● **YOUR TASK**: Each record should be reproduced exactly.

....

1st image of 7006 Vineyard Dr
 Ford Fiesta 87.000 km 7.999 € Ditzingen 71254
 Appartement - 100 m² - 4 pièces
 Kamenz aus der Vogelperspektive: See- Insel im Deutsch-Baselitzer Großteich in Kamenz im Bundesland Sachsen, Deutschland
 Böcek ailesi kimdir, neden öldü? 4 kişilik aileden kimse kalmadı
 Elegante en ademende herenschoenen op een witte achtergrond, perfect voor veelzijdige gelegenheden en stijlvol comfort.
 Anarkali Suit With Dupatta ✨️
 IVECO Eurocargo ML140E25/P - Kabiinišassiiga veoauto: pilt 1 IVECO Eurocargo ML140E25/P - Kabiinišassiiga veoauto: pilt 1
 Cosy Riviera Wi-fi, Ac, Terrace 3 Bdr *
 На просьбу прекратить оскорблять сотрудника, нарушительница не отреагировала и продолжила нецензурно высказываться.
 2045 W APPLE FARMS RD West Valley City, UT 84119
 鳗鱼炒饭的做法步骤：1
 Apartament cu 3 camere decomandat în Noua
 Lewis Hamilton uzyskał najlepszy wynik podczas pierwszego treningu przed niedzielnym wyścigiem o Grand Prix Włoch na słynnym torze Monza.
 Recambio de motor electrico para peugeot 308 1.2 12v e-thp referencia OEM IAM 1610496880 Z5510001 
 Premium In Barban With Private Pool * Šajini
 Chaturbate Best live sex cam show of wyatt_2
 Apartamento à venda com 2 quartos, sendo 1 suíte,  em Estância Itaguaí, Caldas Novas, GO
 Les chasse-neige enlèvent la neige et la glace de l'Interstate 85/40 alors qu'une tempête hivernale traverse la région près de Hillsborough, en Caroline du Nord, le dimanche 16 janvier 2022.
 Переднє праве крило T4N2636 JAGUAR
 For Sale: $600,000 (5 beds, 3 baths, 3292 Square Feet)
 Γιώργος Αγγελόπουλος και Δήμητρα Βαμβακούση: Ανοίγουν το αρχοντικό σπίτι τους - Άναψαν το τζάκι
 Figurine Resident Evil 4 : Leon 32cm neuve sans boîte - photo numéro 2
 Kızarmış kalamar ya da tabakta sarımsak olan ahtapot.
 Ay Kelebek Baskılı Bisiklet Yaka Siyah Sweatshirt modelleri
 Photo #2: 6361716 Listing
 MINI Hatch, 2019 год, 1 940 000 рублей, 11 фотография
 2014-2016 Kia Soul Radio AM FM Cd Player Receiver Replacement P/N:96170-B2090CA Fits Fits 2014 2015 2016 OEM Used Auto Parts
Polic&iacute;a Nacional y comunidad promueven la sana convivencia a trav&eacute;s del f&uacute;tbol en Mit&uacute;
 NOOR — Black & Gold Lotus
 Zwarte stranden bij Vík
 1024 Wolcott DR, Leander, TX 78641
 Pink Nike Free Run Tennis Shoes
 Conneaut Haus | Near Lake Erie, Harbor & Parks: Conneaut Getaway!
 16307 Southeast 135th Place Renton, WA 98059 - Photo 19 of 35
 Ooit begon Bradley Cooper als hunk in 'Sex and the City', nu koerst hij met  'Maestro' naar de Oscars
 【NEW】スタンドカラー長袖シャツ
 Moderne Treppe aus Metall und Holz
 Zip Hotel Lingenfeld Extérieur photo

....

● **ANSWER TO THIS PROBLEM**:
1st image of 7006 Vineyard Dr
 Ford Fiesta 87.000 km 7.999 € Ditzingen 71254
 Appartement - 100 m² - 4 pièces
 Kamenz aus der Vogelperspektive: See- Insel im Deutsch-Baselitzer Großteich in Kamenz im Bundesland Sachsen, Deutschland
 Böcek ailesi kimdir, neden öldü? 4 kişilik aileden kimse kalmadı
 Elegante en ademende herenschoenen op een witte achtergrond, perfect voor veelzijdige gelegenheden en stijlvol comfort.
 Anarkali Suit With Dupatta ✨️
 IVECO Eurocargo ML140E25/P - Kabiinišassiiga veoauto: pilt 1 IVECO Eurocargo ML140E25/P - Kabiinišassiiga veoauto: pilt 1
 Cosy Riviera Wi-fi, Ac, Terrace 3 Bdr *
 На просьбу прекратить оскорблять сотрудника, нарушительница не отреагировала и продолжила нецензурно высказываться.
 2045 W APPLE FARMS RD West Valley City, UT 84119
 鳗鱼炒饭的做法步骤：1
 Apartament cu 3 camere decomandat în Noua
 Lewis Hamilton uzyskał najlepszy wynik podczas pierwszego treningu przed niedzielnym wyścigiem o Grand Prix Włoch na słynnym torze Monza.
 Recambio de motor electrico para peugeot 308 1.2 12v e-thp referencia OEM IAM 1610496880 Z5510001 
 Premium In Barban With Private Pool * Šajini
 Chaturbate Best live sex cam show of wyatt_2
 Apartamento à venda com 2 quartos, sendo 1 suíte,  em Estância Itaguaí, Caldas Novas, GO
 Les chasse-neige enlèvent la neige et la glace de l'Interstate 85/40 alors qu'une tempête hivernale traverse la région près de Hillsborough, en Caroline du Nord, le dimanche 16 janvier 2022.
 Переднє праве крило T4N2636 JAGUAR
 For Sale: $600,000 (5 beds, 3 baths, 3292 Square Feet)
 Γιώργος Αγγελόπουλος και Δήμητρα Βαμβακούση: Ανοίγουν το αρχοντικό σπίτι τους - Άναψαν το τζάκι
 Figurine Resident Evil 4 : Leon 32cm neuve sans boîte - photo numéro 2
 Kızarmış kalamar ya da tabakta sarımsak olan ahtapot.
 Ay Kelebek Baskılı Bisiklet Yaka Siyah Sweatshirt modelleri
 Photo #2: 6361716 Listing
 MINI Hatch, 2019 год, 1 940 000 рублей, 11 фотография
 2014-2016 Kia Soul Radio AM FM Cd Player Receiver Replacement P/N:96170-B2090CA Fits Fits 2014 2015 2016 OEM Used Auto Parts
Polic&iacute;a Nacional y comunidad promueven la sana convivencia a trav&eacute;s del f&uacute;tbol en Mit&uacute;
 NOOR — Black & Gold Lotus
 Zwarte stranden bij Vík
 1024 Wolcott DR, Leander, TX 78641
 Pink Nike Free Run Tennis Shoes
 Conneaut Haus | Near Lake Erie, Harbor & Parks: Conneaut Getaway!
 16307 Southeast 135th Place Renton, WA 98059 - Photo 19 of 35
 Ooit begon Bradley Cooper als hunk in 'Sex and the City', nu koerst hij met  'Maestro' naar de Oscars
 【NEW】スタンドカラー長袖シャツ
 Moderne Treppe aus Metall und Holz
 Zip Hotel Lingenfeld Extérieur photo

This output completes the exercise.